BurntSushi / nfldb

A library to manage and update NFL data in a relational database.
The Unlicense
1.08k stars 264 forks source link

Slow Query #132

Closed elbracht closed 8 years ago

elbracht commented 8 years ago

Hi everybody.

I use the following code to get stats (passing yards, rushing yards, ...) for each team.

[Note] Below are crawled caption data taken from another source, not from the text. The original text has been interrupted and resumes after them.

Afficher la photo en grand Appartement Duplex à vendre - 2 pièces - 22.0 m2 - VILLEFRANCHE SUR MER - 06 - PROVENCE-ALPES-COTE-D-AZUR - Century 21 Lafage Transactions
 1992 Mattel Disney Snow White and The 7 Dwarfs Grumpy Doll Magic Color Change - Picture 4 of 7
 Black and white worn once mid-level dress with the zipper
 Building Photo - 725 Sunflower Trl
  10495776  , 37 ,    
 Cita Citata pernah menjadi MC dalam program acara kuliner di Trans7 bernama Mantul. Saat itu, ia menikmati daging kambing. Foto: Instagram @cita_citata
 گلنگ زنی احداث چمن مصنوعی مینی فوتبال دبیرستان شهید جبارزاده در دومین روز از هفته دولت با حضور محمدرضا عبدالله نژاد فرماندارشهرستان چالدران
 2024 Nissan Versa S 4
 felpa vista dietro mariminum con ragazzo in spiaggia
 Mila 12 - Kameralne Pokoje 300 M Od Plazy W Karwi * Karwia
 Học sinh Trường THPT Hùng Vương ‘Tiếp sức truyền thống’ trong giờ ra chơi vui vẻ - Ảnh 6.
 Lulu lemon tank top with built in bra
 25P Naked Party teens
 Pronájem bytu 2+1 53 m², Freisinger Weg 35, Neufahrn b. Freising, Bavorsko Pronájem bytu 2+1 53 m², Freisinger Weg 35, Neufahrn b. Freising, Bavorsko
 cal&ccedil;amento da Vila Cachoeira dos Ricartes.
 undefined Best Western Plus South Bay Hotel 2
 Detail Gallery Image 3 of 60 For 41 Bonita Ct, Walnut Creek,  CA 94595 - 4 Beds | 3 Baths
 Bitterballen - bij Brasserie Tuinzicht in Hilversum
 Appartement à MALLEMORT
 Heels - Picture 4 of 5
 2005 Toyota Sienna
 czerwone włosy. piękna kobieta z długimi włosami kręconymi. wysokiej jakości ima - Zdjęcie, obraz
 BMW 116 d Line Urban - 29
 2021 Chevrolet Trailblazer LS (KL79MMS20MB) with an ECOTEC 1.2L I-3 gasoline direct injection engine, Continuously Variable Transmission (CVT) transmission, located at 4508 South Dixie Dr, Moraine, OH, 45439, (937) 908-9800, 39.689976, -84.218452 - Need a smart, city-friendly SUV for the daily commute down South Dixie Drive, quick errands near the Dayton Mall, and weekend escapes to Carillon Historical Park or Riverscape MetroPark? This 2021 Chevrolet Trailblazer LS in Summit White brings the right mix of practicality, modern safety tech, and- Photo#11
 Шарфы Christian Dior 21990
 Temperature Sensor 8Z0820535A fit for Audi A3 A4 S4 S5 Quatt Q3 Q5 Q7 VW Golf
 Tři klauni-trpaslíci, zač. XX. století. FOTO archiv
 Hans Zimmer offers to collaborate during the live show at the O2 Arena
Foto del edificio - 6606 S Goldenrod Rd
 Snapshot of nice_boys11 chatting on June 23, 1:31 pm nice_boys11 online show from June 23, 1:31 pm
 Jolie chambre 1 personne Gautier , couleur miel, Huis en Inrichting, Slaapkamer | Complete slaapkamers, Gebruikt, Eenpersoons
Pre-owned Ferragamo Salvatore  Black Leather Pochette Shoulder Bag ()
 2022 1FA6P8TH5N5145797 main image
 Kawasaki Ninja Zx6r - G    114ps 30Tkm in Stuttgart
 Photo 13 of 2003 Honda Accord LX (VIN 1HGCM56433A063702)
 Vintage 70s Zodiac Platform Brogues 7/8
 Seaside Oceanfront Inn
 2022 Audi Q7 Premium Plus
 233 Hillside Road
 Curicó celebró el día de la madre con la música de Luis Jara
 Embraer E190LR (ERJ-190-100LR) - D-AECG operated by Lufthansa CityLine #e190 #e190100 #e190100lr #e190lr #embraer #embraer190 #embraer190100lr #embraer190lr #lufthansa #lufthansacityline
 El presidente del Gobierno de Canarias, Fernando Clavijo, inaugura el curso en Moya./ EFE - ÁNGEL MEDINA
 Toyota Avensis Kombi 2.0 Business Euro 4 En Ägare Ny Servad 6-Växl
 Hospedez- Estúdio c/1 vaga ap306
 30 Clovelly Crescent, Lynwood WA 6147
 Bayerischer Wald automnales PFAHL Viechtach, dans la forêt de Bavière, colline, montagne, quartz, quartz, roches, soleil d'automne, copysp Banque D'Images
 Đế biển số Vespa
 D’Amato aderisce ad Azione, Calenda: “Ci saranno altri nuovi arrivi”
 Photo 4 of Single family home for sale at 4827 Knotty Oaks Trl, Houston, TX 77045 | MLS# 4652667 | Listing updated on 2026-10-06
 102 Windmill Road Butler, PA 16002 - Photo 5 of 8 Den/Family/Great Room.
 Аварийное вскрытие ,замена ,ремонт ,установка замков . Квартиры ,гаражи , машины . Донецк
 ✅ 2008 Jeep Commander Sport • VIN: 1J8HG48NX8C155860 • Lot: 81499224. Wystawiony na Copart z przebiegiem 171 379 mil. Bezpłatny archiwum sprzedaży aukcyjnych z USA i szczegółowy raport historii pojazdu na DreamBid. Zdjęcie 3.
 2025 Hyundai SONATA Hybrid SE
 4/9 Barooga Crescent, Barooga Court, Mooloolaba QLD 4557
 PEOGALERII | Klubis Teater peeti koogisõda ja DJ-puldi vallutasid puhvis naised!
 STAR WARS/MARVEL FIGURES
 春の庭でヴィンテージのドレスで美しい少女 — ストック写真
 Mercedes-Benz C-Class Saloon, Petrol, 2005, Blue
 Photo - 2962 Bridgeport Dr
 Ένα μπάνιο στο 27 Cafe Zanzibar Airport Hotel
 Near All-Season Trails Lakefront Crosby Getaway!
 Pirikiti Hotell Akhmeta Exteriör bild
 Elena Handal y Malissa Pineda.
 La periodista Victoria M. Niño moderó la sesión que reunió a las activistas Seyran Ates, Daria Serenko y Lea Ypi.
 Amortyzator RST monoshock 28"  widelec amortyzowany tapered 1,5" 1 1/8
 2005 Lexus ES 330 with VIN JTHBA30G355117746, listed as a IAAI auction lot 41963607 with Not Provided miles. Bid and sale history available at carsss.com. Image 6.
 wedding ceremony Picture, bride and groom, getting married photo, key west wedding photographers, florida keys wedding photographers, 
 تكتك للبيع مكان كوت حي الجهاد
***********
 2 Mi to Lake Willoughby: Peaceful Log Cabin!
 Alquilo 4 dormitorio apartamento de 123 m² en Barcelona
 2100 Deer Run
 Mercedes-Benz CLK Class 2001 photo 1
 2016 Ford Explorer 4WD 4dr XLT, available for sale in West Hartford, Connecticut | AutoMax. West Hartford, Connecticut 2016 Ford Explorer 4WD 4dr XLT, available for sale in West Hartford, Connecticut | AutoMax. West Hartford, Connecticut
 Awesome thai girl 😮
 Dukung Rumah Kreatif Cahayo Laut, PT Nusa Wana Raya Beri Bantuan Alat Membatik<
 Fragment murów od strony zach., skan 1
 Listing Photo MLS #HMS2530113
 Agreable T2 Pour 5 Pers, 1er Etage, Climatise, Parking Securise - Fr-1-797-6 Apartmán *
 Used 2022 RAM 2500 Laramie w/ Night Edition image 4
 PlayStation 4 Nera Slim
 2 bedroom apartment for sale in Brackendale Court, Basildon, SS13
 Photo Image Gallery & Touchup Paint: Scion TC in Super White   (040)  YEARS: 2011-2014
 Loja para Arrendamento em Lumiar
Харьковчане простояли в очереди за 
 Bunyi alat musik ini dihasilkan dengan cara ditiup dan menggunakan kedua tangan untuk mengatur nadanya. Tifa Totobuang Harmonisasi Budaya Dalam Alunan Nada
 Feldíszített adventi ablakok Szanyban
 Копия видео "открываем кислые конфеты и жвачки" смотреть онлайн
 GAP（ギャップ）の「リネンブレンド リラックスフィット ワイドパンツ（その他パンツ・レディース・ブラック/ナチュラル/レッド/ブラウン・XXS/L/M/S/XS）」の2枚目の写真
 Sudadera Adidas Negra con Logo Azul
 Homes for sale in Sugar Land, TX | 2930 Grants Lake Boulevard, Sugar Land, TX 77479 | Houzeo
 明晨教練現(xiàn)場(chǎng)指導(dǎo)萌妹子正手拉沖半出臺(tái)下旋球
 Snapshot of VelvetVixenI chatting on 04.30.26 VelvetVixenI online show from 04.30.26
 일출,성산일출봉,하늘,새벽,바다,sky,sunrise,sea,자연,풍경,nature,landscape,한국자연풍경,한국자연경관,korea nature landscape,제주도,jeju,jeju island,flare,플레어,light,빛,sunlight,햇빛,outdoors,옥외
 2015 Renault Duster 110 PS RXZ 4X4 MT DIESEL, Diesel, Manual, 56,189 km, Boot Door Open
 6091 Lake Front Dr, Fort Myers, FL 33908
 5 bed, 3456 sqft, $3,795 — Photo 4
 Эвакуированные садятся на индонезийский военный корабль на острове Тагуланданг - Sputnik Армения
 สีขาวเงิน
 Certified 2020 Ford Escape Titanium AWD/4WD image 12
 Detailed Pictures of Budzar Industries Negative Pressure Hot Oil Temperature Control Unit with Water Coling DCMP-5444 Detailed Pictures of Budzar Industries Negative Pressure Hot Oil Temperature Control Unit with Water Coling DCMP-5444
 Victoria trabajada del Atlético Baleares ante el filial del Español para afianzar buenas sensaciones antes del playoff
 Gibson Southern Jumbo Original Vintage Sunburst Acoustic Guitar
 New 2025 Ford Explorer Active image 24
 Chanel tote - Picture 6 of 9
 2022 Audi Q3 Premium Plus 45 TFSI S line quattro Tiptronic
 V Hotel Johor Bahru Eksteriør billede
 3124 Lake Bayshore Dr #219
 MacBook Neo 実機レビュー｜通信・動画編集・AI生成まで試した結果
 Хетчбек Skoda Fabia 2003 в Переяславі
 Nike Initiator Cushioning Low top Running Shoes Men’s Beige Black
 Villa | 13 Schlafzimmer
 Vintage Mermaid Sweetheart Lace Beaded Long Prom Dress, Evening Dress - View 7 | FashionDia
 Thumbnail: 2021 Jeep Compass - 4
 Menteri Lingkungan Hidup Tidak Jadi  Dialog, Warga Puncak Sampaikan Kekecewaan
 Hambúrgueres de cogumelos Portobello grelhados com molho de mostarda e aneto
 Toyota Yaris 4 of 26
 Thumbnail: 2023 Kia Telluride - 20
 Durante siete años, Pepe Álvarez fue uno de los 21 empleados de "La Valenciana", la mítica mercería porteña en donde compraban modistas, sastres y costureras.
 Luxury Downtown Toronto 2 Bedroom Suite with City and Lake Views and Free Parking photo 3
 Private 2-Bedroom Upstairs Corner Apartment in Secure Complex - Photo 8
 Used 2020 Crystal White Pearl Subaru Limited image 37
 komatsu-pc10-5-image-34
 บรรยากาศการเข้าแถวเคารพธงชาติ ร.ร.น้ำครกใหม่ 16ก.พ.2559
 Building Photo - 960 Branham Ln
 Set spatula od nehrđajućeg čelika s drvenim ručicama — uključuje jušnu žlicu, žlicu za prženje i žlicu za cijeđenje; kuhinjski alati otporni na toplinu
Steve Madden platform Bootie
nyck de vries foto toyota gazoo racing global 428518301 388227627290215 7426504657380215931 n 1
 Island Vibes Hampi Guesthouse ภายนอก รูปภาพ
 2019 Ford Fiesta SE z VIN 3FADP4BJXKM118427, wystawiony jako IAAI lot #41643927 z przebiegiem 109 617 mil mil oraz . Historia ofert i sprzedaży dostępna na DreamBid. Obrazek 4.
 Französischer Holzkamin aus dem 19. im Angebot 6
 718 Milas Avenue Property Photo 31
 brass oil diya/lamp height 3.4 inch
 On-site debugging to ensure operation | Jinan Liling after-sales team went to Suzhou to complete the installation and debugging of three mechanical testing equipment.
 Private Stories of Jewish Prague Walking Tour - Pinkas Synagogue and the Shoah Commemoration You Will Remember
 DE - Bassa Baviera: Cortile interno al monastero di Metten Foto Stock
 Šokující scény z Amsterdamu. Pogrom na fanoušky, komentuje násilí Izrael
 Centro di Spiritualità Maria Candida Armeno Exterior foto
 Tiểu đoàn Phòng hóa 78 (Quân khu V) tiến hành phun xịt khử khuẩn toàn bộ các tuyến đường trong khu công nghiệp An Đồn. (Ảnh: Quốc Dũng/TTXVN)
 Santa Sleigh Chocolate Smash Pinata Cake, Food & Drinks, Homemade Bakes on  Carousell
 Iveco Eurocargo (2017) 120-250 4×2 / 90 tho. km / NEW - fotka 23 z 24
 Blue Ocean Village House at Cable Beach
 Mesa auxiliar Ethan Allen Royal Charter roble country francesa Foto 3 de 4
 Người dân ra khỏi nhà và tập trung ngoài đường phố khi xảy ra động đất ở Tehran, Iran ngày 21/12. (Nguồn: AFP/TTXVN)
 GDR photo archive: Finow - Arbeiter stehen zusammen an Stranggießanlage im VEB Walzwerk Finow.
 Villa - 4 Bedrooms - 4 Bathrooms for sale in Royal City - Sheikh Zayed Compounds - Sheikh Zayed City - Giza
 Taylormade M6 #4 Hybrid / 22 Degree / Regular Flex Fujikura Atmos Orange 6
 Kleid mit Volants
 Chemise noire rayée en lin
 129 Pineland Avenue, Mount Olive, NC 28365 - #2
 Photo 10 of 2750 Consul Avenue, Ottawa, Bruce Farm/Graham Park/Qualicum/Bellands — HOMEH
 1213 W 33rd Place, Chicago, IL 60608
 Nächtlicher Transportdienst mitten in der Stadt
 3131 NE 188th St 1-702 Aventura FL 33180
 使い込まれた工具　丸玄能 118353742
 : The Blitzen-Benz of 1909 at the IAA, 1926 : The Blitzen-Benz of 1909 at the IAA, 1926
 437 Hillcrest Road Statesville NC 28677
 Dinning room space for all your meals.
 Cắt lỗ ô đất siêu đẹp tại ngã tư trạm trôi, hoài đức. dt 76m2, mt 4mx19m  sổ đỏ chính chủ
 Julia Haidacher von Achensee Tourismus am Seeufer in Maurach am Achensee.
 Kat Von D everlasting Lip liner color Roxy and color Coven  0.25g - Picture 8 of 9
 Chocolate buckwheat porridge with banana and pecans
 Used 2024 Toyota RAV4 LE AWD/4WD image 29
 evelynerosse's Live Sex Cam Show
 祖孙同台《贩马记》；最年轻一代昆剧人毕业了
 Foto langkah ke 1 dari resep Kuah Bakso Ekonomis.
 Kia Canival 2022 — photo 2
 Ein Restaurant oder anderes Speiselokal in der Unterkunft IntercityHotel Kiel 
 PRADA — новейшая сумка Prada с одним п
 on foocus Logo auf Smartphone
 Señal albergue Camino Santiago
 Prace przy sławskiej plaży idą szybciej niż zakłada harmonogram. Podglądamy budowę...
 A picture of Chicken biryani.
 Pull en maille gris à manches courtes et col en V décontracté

This takes usually around 10 seconds.

Is there any way to optimize the code?

import nfldb

db = nfldb.connect()

for team in nfldb.team.teams:
    q = nfldb.Query(db)
    q.game(season_year="2015", season_type="Regular", finished="True")
    q.play_player(team=team[0])

    passing_yds = 0
    rushing_yds = 0
    sacks = 0
    touchdowns = 0
    fieldgoals = 0
    fieldgoals_attempts = 0

    for x in q.as_aggregate():
        passing_yds += x.passing_yds
        rushing_yds += x.rushing_yds
        sacks += x.passing_sk
        touchdowns += x.defense_frec_tds
        touchdowns += x.defense_int_tds
        touchdowns += x.defense_misc_tds
        touchdowns += x.fumbles_rec_tds
        touchdowns += x.kicking_rec_tds
        touchdowns += x.kickret_tds
        touchdowns += x.puntret_tds
        touchdowns += x.receiving_tds
        touchdowns += x.rushing_tds
        fieldgoals += x.kicking_fgm
        fieldgoals_attempts += x.kicking_fga
BurntSushi commented 8 years ago

You might try running a single query instead of a query for each team, and aggregating in Python using a dictionary keyed on team.

The fastest way is to write a SQL query that does all of the aggregation in database.

elbracht commented 8 years ago

Thank you. I use a SQL query for the aggregation in database. This runs faster.